# JD 4440



## NoDak (Aug 28, 2016)

Just wondering how I can get a 14.9 x 46 rear tires on a JD 4440. Will it affect anything running a taller tire for hay equipment? Would like to use tractor for hay operation and in the sugarbeet field.


----------



## stack em up (Mar 7, 2013)

Step up rims are the cheapest way.


----------



## endrow (Dec 15, 2011)

Do you need first gear do you use it. With the standard tires on the tractor probably does 1.5 - 1.8 mph in first gear. You put tall rubber on their youll lose the ability to do that. I remember when I was a kid we were in the potato business we had to put smaller diameter tires on the 656 to get the right speed to pull the diggers.
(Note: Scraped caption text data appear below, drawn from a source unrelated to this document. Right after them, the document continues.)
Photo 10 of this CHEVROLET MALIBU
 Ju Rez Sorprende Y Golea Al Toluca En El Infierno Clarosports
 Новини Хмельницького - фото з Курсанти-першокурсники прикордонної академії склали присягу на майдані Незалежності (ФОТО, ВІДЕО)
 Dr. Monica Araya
I remember at one time on our farm we own and IH Hydro 186 and the 666 Hydro.


----------



## endrow (Dec 15, 2011)

Not to discourage you but thinking back we hardly ever used any of the high wheel tractors on the hey tools because the drawbar was way too high compared to the other tractors b


----------



## swmnhay (Jun 13, 2008)

endrow said:


> Not to discourage you but thinking back we hardly ever used any of the high wheel tractors on the hey tools because the drawbar was way too high compared to the other tractors b


I'm the opposite.I like taller tires because there is more clearece under the drawbar espicially for rd baleing where you stradle the windrow.


----------



## NoDak (Aug 28, 2016)

swmnhay said:


> I'm the opposite.I like taller tires because there is more clearece under the drawbar espicially for rd baleing where you stradle the windrow.
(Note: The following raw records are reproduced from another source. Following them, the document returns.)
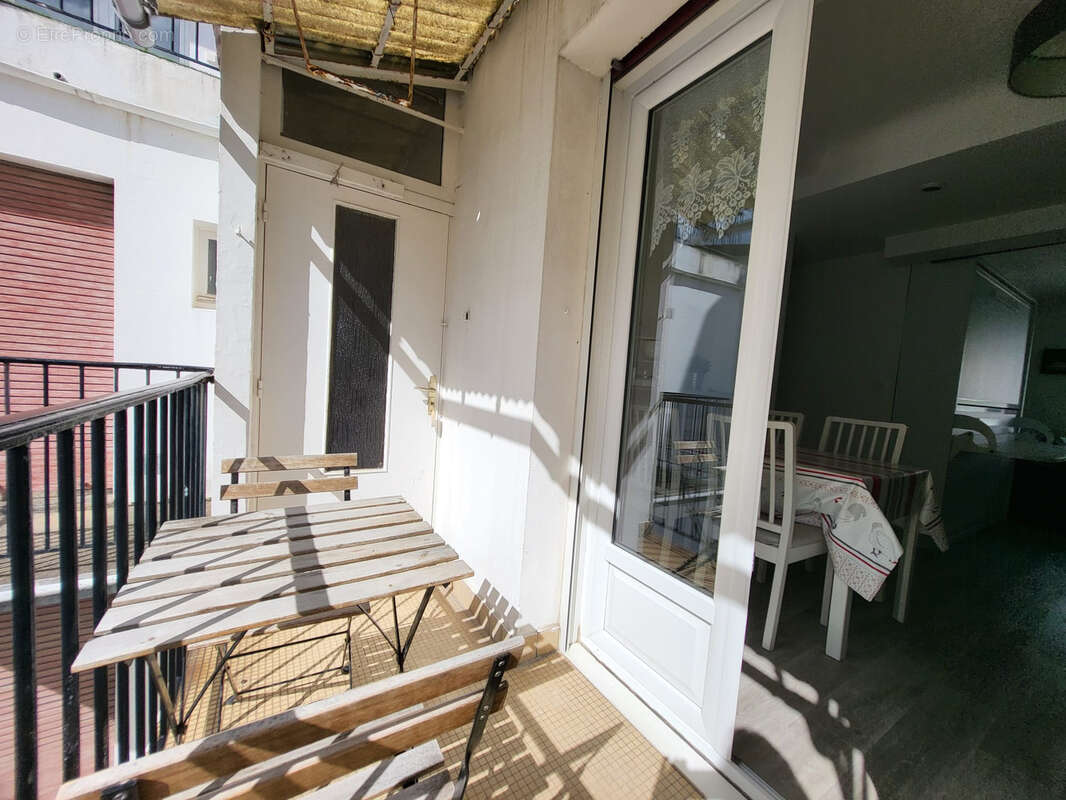 Appartement 3 pieces transforme en t2 et studio independants - photo 12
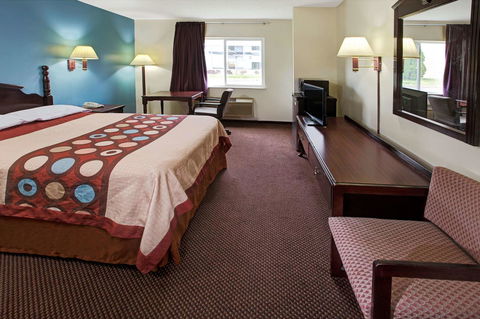 Super 8 By Wyndham Heath/Newark - Click Find 13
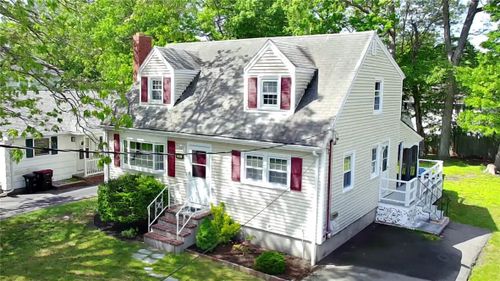 101 Carl Ave, Brockton, MA, 02302-4310 | Card Image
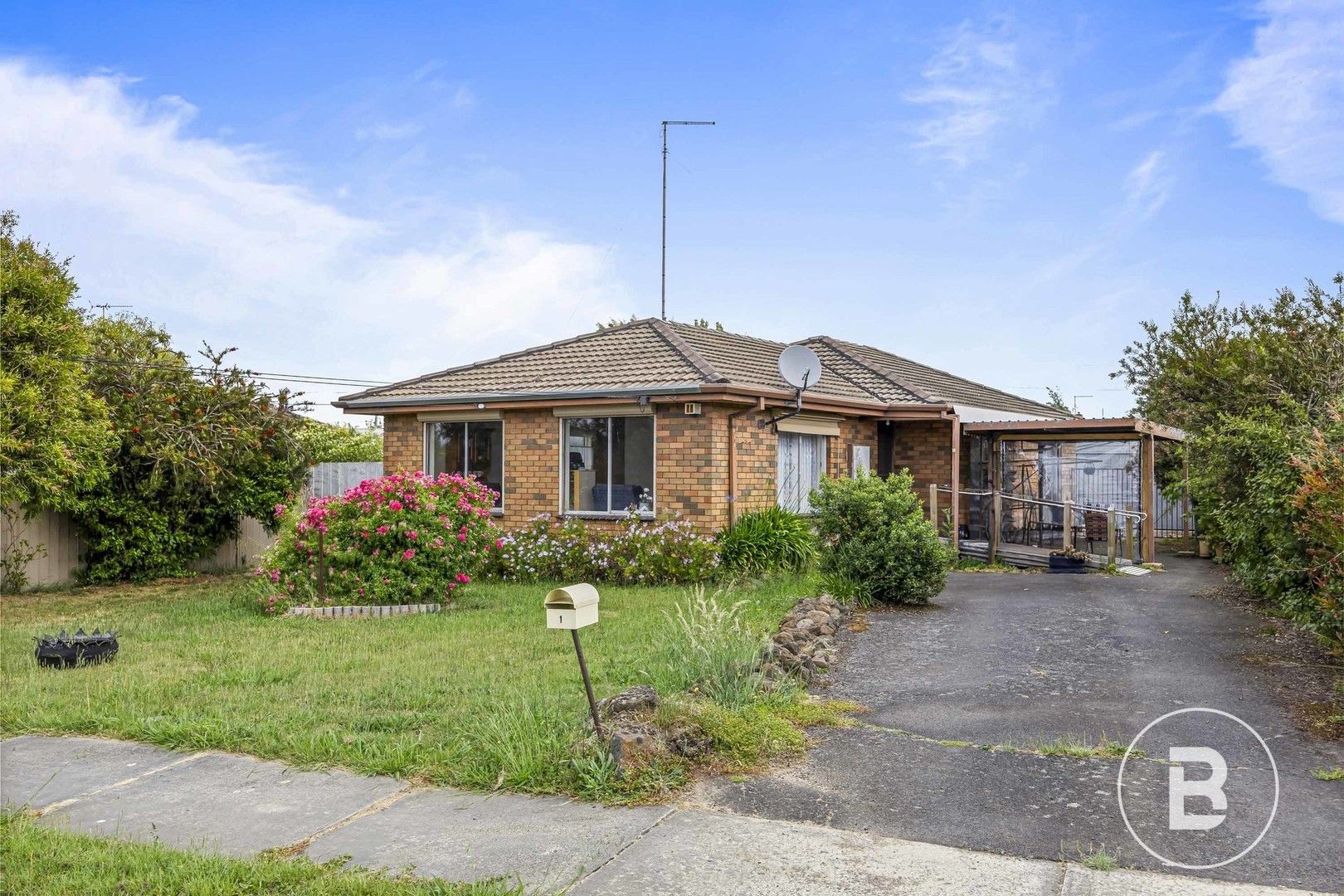 1 Clover Street, Wendouree VIC 3355, Image 0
Both have good points. Tall tires and flip draw bar maybe the way to go?


----------



## stack em up (Mar 7, 2013)

What's the 4440 running in sugar beets? I'd think she'd be short a few ponies on a topper and WAY short on the lifter? Sprayer I assume?


----------



## youngbaler (Apr 9, 2015)

We have topped a lot of beets and still do with a 4440 and a 12 row alloway topper. Used to pull a six row lifter too.


----------



## barnrope (Mar 22, 2010)

I put 20.8x42s on my 4440. it works great and goes down the road 5 MPH faster than it did with 18.4x38's.


----------



## NoDak (Aug 28, 2016)

stack em up said:


> What's the 4440 running in sugar beets? I'd think she'd be short a few ponies on a topper and WAY short on the lifter? Sprayer I assume?


It would run a 12 row topper just fine. run a cultivator if things start blowing in the beginning of the year. Never enough backup tractors in a beet field. just want a universal tractor but don't wanna screw up haying equipment from draw bar being to high.


----------



## stack em up (Mar 7, 2013)

Gotcha. Didn't know there were many 12 row toppers still out there. I know very little of sugar beets, I know that by Renville I don't think you could find one anymore. All 16 and 24s. Those are huge toppers!


----------



## youngbaler (Apr 9, 2015)

We are in the southern red river valley, lots of beets here and big farmers too a couple thousand acres of beets is common. Never seen a topper bigger than 12 rows... A neighbor does have a 12 row thirty inch beet lifter(home made) that thing is huge, pulls it with a 500 row track.


----------



## NoDak (Aug 28, 2016)

stack em up said:


> Gotcha. Didn't know there were many 12 row toppers still out there. I know very little of sugar beets, I know that by Renville I don't think you could find one anymore. All 16 and 24s. Those are huge toppers!


Not to come off wrong but can you show me a 24 row topper? I'm having a hard time believe that exists.. I'm from the center red river valley and all of us growers use a 6 or 12 row topper.


----------



## stack em up (Mar 7, 2013)

I'd have to take a drive. Arts-Way built a run of them a couple years ago. I assumed it was commonplace.


----------



## Gearclash (Nov 25, 2010)

Overall height of a 14.9-46 is very close to an 18.4-42. I don't think of 14.9-46 as a tall tire, just skinny. A 20.8-42 as quite a bit taller than a 14.9-46.


----------